Health care fraud and health insurance fraud are growing problems. According to the latest report from the Ponemon Institute on patient data privacy and security, 90 percent of health care organizations have had at least one breach in the past two years.

The report estimates the average economic impact of breaches for such organizations over the past two years is $2 million per organization. The issue’s growth can be seen in the fact that criminal attacks on health care organizations have grown by an estimated 100 percent since 2010, with employee negligence seen as the greatest security risk. A recent report by the Identity Theft Resource Center found that 42.5 percent of all recent breaches in the United States occurred in the medical and health care industry.

Health insurance fraud is another growing problem. If criminals obtain a person’s medical identity, they can use it to procure medical services or medicine via his or her insurance provision, also known as billing fraud. According to an earlier Ponemon study, the average cost incurred in this type of insurance fraud is $18,660, which is far greater than the damage generally caused by simpler identity theft.

One particular type of fraud in the health care sector is “friendly fraud,” which Ponemon estimates amounts to more than 50 percent of all medical identity theft. In this type of fraud, someone uses the insurance card of a friend or relative in order to receive medical care. This type of fraud can have far-reaching consequences, since the impostor’s medical records will then be mingled with those of the insured person.

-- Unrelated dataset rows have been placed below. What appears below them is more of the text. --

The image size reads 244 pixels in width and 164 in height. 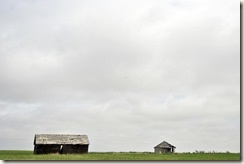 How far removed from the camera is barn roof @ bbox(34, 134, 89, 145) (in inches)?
2419

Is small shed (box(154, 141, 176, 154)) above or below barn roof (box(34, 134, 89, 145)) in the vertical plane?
below

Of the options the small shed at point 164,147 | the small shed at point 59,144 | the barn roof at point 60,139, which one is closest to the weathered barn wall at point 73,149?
the small shed at point 59,144

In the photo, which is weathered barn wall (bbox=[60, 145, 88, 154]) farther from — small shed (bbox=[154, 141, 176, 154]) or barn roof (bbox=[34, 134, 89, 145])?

According to the FBI, health care fraud in the United States costs tens of billions of dollars per year. When combined with national health care expenditures, the total cost is estimated to exceed $3 trillion.

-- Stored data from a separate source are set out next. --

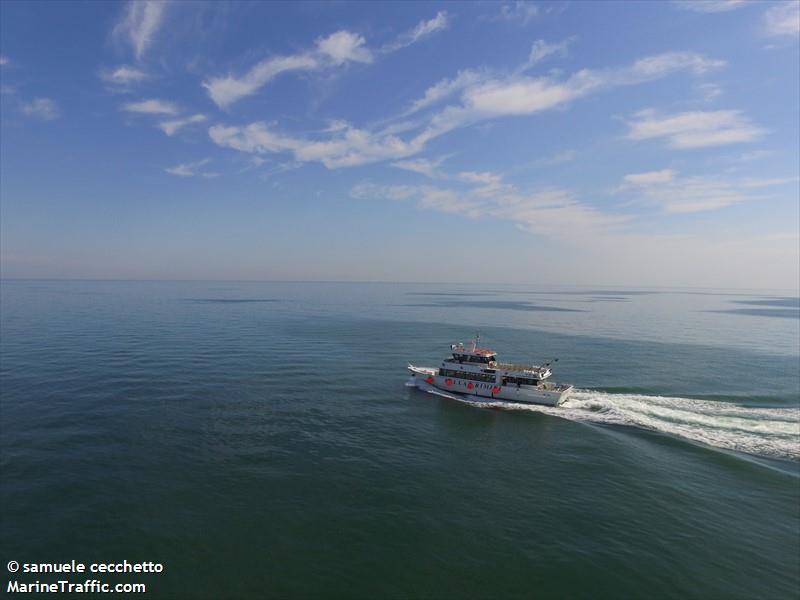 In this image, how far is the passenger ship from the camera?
75.2m

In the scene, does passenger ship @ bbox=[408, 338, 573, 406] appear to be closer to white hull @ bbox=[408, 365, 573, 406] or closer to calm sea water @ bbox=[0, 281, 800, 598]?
white hull @ bbox=[408, 365, 573, 406]

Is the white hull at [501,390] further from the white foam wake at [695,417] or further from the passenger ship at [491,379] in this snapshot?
the white foam wake at [695,417]

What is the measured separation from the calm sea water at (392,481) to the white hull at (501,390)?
2.81 m

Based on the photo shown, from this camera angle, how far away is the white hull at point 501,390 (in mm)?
73312

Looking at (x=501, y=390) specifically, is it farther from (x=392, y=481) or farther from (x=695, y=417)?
(x=392, y=481)

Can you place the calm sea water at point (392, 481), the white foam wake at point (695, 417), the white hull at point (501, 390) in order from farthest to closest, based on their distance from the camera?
the white hull at point (501, 390)
the white foam wake at point (695, 417)
the calm sea water at point (392, 481)

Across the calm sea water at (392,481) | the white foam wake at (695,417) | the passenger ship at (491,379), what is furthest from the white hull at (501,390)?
the calm sea water at (392,481)

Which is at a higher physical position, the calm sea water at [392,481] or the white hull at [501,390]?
the white hull at [501,390]

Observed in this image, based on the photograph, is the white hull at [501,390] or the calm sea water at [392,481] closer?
the calm sea water at [392,481]

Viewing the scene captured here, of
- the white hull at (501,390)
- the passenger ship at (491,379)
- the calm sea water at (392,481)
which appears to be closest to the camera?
the calm sea water at (392,481)

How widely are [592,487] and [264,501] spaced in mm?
36375

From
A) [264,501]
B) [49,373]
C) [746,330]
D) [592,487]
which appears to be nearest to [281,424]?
[264,501]

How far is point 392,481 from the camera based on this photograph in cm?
4419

Digital Age Exacerbates Health Insurance Fraud Problem

Health care fraud and health insurance fraud become easier to conduct as more information is held and communicated electronically. Electronic health records are increasingly being used to store personal information such as test results and treatment plans. They can also store financial information such as credit card numbers. When this information is pieced together, the ability to commit various types of fraud increases.

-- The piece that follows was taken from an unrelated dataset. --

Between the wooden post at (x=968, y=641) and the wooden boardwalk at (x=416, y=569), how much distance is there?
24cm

According to IDC Health Insights, the health care industry is especially vulnerable to cyberattacks when compared to industries such as the retail and financial services sectors. This is primarily because the health care sector has historically invested less in IT, and security technology in particular. For example, many insurance companies lack systems to monitor networks in order to identify and respond to abnormal behavior or spot fraudulent transactions. This happens even though the health care sector is highly regulated in many countries. In the United States, health care providers and insurers must comply with the Health Insurance Portability and Accountability Act, which mandates health care information is handled in a way to ensure individuals’ privacy is maintained. It also requires that victims are notified in the event of a breach.

Security Investments on the Rise, But More Needs to Be Done

Health care organizations are increasing their overall IT spending as a percentage of revenue in the light of rising costs from cyberattacks and fraud. There are plenty of security technology options available that will vastly improve their overall resilience to security events. These include data governance and fraud management technologies, as well as technologies that help health care providers use electronic means to improve the services they offer to patients.

New technologies offer many advantages to health care providers and insurers to lower their operating costs and improve the standard of services they offer to patients, but they need to ensure they are also investing an adequate amount in security. With incidents of health care fraud and health insurance fraud rising rapidly, no provider in this industry can afford to be complacent.